The company has also begun selling women’s collections with coordinated head-to-toe looks. Nike has developed an integrated product creation process so that apparel, accessories and equipment share design inspiration and color, Grossman said. The company now has a fully resourced women’s leadership team with a dedicated general manager, brand director and creative director who work across product, marketing, business units, geographies and supply chains.
As part of its efforts to reach women, Nike has increased its direct-to-consumer retail efforts. It has been opening NikeWomen shops throughout the world, and adding women’s-specific environments to its Niketown formats.

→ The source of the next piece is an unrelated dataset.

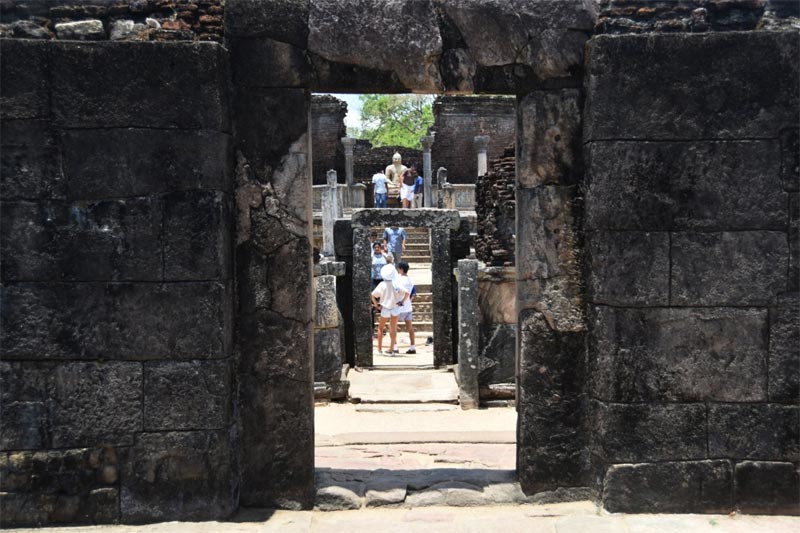 Il Vatadage visto dal tempio posto di fronte a esso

The company also has added catalogues specifically for women, as well as a Web site, nikewomen.com. Sales through these channels have exceeded plans, and more than 94,000 consumers access the nikewomen.com site every week, Grossman said.
“We are also developing aggressive expansion plans to open women’s shop-in-shops in department stores, and looking at new mall concepts to create greater impact at retail,” she noted. “All of these venues give us the opportunity to continually evolve how we present Nike as a brand for women to women.”
In addition, Nike has started sponsoring women’s running events, including its second marathon in San Francisco last month, which sold out and also pumped up business at its Niketown store there. Nike has also partnered with choreographer Jamie King for the “Nike Rock Star Workout,” which was launched at Crunch gyms and is being rolled out to college campuses and other locations worldwide.
Nike has been promoting its women’s products more around the world, with ad campaigns and events in Mexico and China that are specific to those regions, Grossman noted. On the sponsorship front, the company has been working to leverage its female athletes more. Nike-sponsored tennis player Maria Sharapova has appeared in campaigns for yoga in Asia and in other campaigns in Europe. Nike also recently signed a multimillion-dollar deal with 16-year-old golfer Michelle Wie, marking one of the most significant sports sponsorships for a female teen athlete.
“We think she has the possibility to be one of the greatest golfers — not women’s golfers — but golfers, of her generation,” said Grossman.
In response to a question about whether Nike would tap big-name fashion designers, as Adidas has done with Stella McCartney and Yohji Yamamoto, Grossman said: “We feel we have some of the best and most amazing designers in the world, who totally understand function as well as beauty. That’s not to say it’s not something we would never do, but we feel we are growing our business and creating a mark on the landscape by maximizing those designers, and that’s our strategy for now.”
In closing, Grossman asserted that Nike’s focus on women has come about due to the company’s willingness to make critical changes in the way it does business.
“For brands to thrive, and business to thrive and continue to thrive in today’s challenging marketplace and environment, they have to embrace change and embed it into their culture, and perceive change as a competitive advantage, not as a distraction.”